L'ordinanza é stata regolarmente comunicata, notificata e pubblicata nella Gazzetta Ufficiale, n. 157 del 27 giugno 1964.

Nel presente giudizio non vi é stata costituzione di parti.

 

Considerato in diritto

 

Non contrasta col principio di eguaglianza dei cittadini sancito dall'art. 3 della Costituzione la norma penale contenuta nell'art. 3, n. 3, della legge 20 febbraio 1958, n. 75, la quale punisce, fra l'altro, il gestore o preposto ad un albergo che "tolleri abitualmente la presenza di una o più persone che, nell'interno del locale stesso, si danno alla prostituzione".

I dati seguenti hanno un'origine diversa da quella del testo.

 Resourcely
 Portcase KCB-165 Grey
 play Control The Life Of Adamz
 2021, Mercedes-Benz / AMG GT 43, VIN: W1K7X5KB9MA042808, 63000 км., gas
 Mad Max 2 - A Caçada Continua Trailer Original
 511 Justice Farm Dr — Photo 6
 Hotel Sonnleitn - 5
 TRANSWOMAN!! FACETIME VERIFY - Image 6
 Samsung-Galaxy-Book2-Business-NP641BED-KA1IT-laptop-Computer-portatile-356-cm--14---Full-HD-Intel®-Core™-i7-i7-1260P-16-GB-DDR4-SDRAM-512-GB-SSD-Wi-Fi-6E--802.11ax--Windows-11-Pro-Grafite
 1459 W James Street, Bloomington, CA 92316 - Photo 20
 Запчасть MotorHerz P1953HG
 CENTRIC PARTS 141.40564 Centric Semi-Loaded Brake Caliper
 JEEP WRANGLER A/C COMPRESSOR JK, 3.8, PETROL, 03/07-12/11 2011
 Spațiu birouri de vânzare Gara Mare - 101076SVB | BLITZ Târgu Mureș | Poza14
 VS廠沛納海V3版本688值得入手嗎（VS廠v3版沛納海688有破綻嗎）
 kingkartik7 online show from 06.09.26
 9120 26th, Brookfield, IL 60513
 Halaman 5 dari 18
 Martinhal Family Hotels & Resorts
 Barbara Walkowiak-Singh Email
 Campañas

La legge suindicata - dopo di aver disposto la chiusura delle case di meretricio, e vietato l'esercizio delle stesse - tutela questo divieto contro ogni possibilità di simulazione. La norma impugnata, infatti, ha per oggetto la regolare gestione del locale pubblico nell'ambito della lotta contro la prostituzione, e punisce soltanto il proprietario, gestore o preposto che abitualmente tolleri l'esercizio della prostituzione nel locale stesso. Essa non limita alcun diritto di chi ha bisogno di alloggio, né impedisce la permanenza in albergo di qualsiasi persona; ma non consente che il locale aperto al pubblico sia adibito ad attività ben diverse da quelle per le quali é stata autorizzata l'apertura e vieta quindi che nei locali adibiti ad albergo si eserciti la prostituzione.

Tutto ciò che concerne la disciplina di un pubblico locale, sottoposto ad autorizzazioni e controlli dell'autorità, può anche - per la tutela di interessi costituzionalmente garantiti o per altre apprezzabili esigenze - apportare limitazioni alle attività dei singoli; ma trattasi sempre di restrizioni, che incidono, indistintamente, su tutti coloro che vogliono servirsi del locale per fini non consentiti dalla legge.

Non sussiste, pertanto, quella disuguaglianza fra i cittadini ravvisata dall'ordinanza di rimessione.

 

PER QUESTI MOTIVI

LA CORTE COSTITUZIONALE

 

dichiara non fondata la questione di legittimità costituzionale dell'art. 3, n. 3, della legge 20 febbraio 1958, n. 75 (abolizione della regolamentazione della prostituzione, e lotta contro lo sfruttamento della prostituzione altrui), sollevata dal Tribunale di Ascoli Piceno con ordinanza del 6 aprile 1964, in riferimento all'art. 3 della Costituzione.

 

Così deciso in Roma, in camera di consiglio, nella sede della Corte costituzionale, Palazzo della Consulta, il 4 dicembre 1964.

 Gaspare AMBROSINI - Antonino PAPALDO - Nicola JAEGER - Giovanni CASSANDRO - Biagio PETROCELLI - Antonio MANCA - Aldo SANDULLI - Giuseppe BRANCA - Michele FRAGALI - Costantino MORTATI - Giuseppe CHIARELLI – Giuseppe VERZì - Giovanni Battista BENEDETTI -  Francesco Paolo BONIFACIO.

 

Depositata in Cancelleria il 11 dicembre 1964.